The movement became even stronger after WWII as Americans’ optimism rose together with the burgeoning consumer culture. At this point, Scriptural truths began to be understood as “tools to solve problems…techniques waiting to be applied” (40). By the 1950s this trend could be described as a “wholesale revival that stirred the country with talk of faith – faith to heal, faith to deliver, faith to prosper, and faith to unleash God’s will by simply speaking true words aloud” (41). This is a danger of what can happen when we favor practice over philosophy or application over exegesis and that is exactly what happened. After all who needs hope (which says, “I will get it sometime”) when faith says, “I have it now!” When faith is the “switch in our hand to turn on all the omnipotent power of our Lord” then life is all about right-now. Right around 1950 when A.A. Allen wrote the first popular book on financial miracles this movement quickly moved from its’ adolescent stage into one of continued influence. As Bowler says, “It is a bizarre twist of history that this flowering of the prosperity gospel arrived in a season of withering anti-institutionalism.” A new institution was on the rise – arriving at the right time at the right place!

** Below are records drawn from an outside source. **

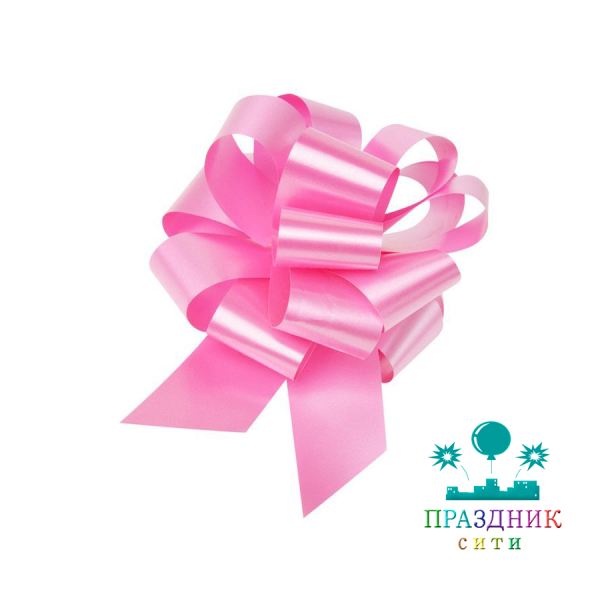 БАНТ ШАР 3см, Классика, розовый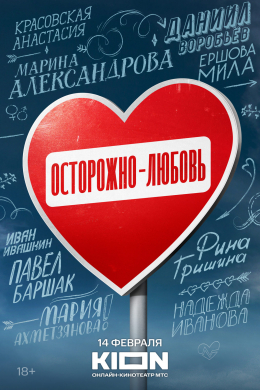 Осторожно — любовь (сериал)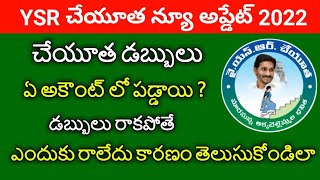 Ysr Cheyutha Payment StatusHow To Check Ysr Cheyutha Status 2022luckylakshmikanth [upl. by Aisnetroh]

By 1971 a cluster of independent preachers (predominately prosperity folk) comprised 42% of the top syndicated religious programs on television. In 1981 the total jumped to 83%. Fowler notes how over time the scope of religious broadcasting narrowed, giving the prosperity gospel a market share that came close to a theological monopoly. Flipping from channel to channel on Sunday morning, viewers might think they were watching endless reruns (74). By 1975, 25 million people tuned in to Oral Roberts’ 1975 Thanksgiving television special. By the decades end, American religious broadcasting earned an estimated $1 billion in total revenue. The prosperity gospel truly exploded in the 1970s. Of course, its flashy reputation became a public relations nightmare in the late 1980s when the moral failures of a few tarnished the very idea of the “glamorous minister.” But the movement deftly refashioned itself for the postmodern 1990s as therapeutic and down-to-earth Christian self-improvement, tempering its hard prosperity with a soft prosperity image. By the 1990s, the prosperity gospel had become the foremost Christian theology of modern living in America. In this movement giving is turned into a public spectacle and it becomes the new liturgy for everyday people. It blends pop theology with pop psychology and the result is lots of empty pop-pop optimism that could never last. YIKES!
This is what happens when we deify and ritualize the American dream. As Bowler states, “The prosperity gospel consecrated America’s culture of optimism” (227). It is where “A cultivated cheerfulness is proclaimed” (232). One thing is sure – we shouldn’t turn our heads. We shouldn’t mock. We shouldn’t ignore. This movement deserves sustained attention.